*** EXTRACTED MATERIAL ***

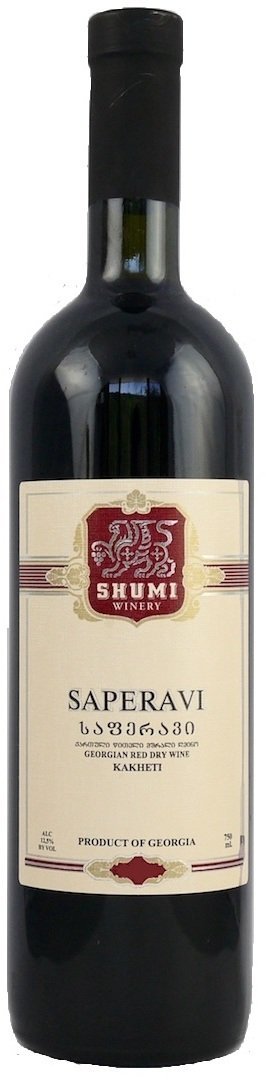 Shumi Saperavi 0.75L Shumi Saperavi 0.75L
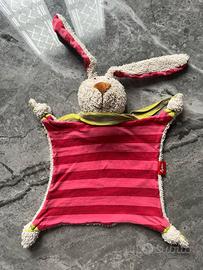 Sigikid - Coniglio  straccetto doudou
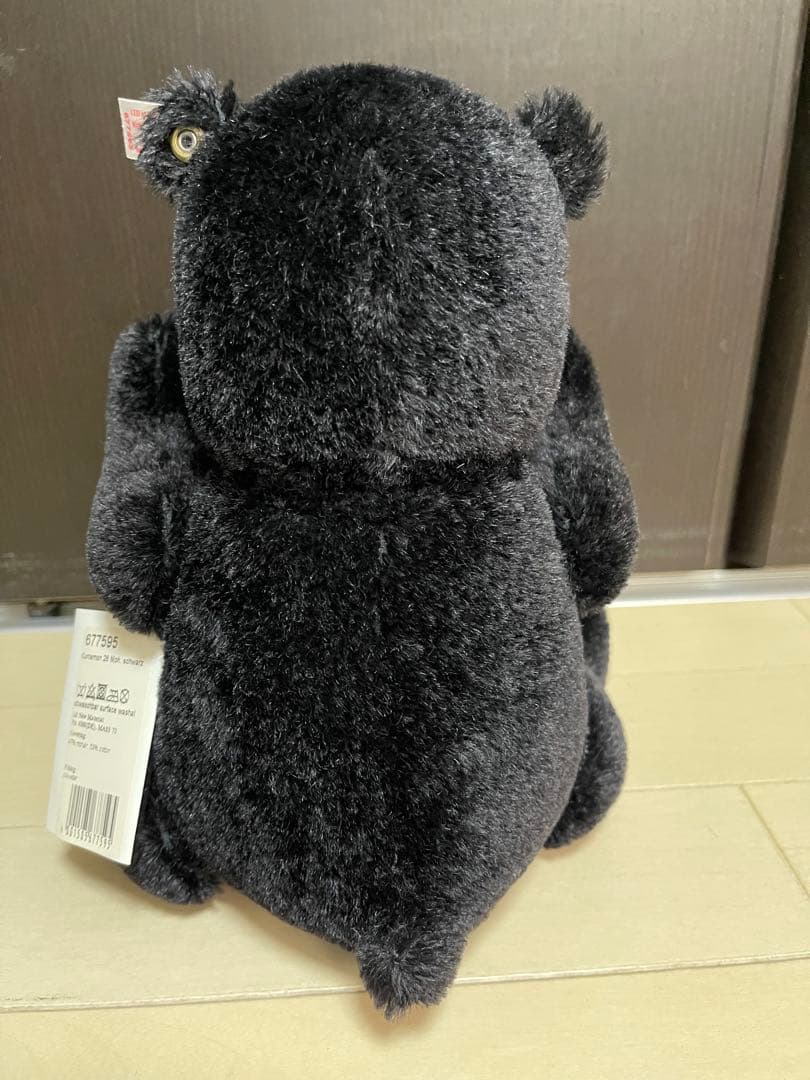 シュタイフ　テディベア くまモン　初代シリアルナンバー入　1500体限定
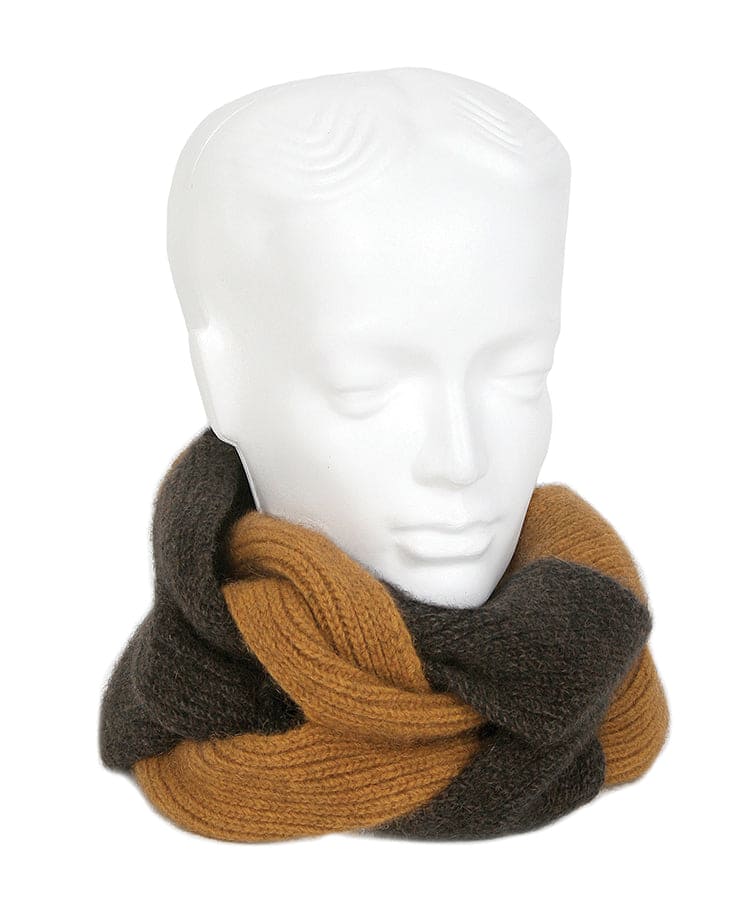 Possum Merino Plait Cowl [9858]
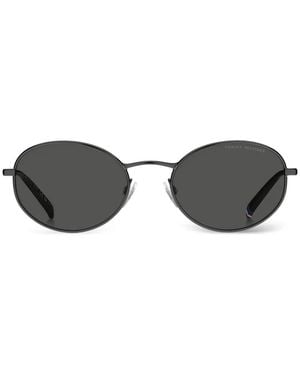 Tommy Hilfiger Round-Frame Sunglasses - Grey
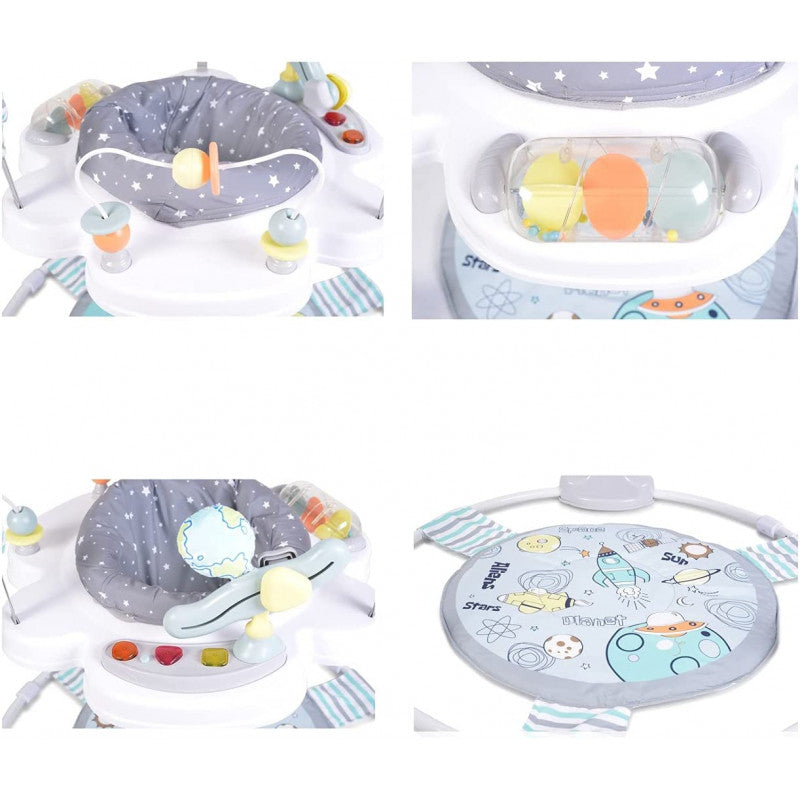 Lauflernhilfe kikkaboo Jumper  Forest Fun Blue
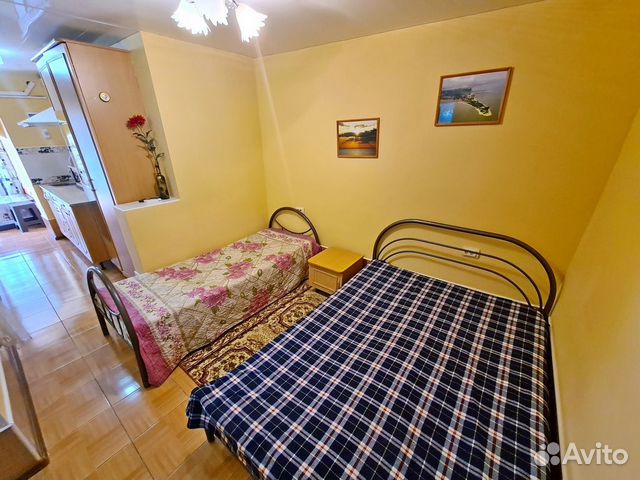 

Квартира-студия, 19,9 м², 2 кровати
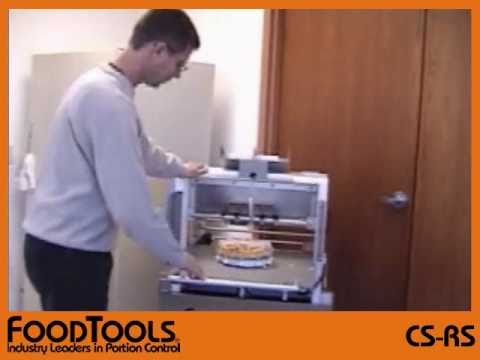 Versatile Round and Sheet Cake Cutting Machine - CS-RS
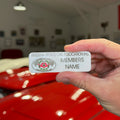 Replacement Name Badge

*** End of EXTRACTED MATERIAL ***

EXERCISE INSTRUCTIONS: Copy each line above exactly. Images do not belong in the copy.

EXERCISE SOLUTION:
 Shumi Saperavi 0.75L Shumi Saperavi 0.75L
 Sigikid - Coniglio  straccetto doudou
 シュタイフ　テディベア くまモン　初代シリアルナンバー入　1500体限定
 Possum Merino Plait Cowl [9858]
 Tommy Hilfiger Round-Frame Sunglasses - Grey
 Lauflernhilfe kikkaboo Jumper  Forest Fun Blue

Квартира-студия, 19,9 м², 2 кровати
 Versatile Round and Sheet Cake Cutting Machine - CS-RS
 Replacement Name Badge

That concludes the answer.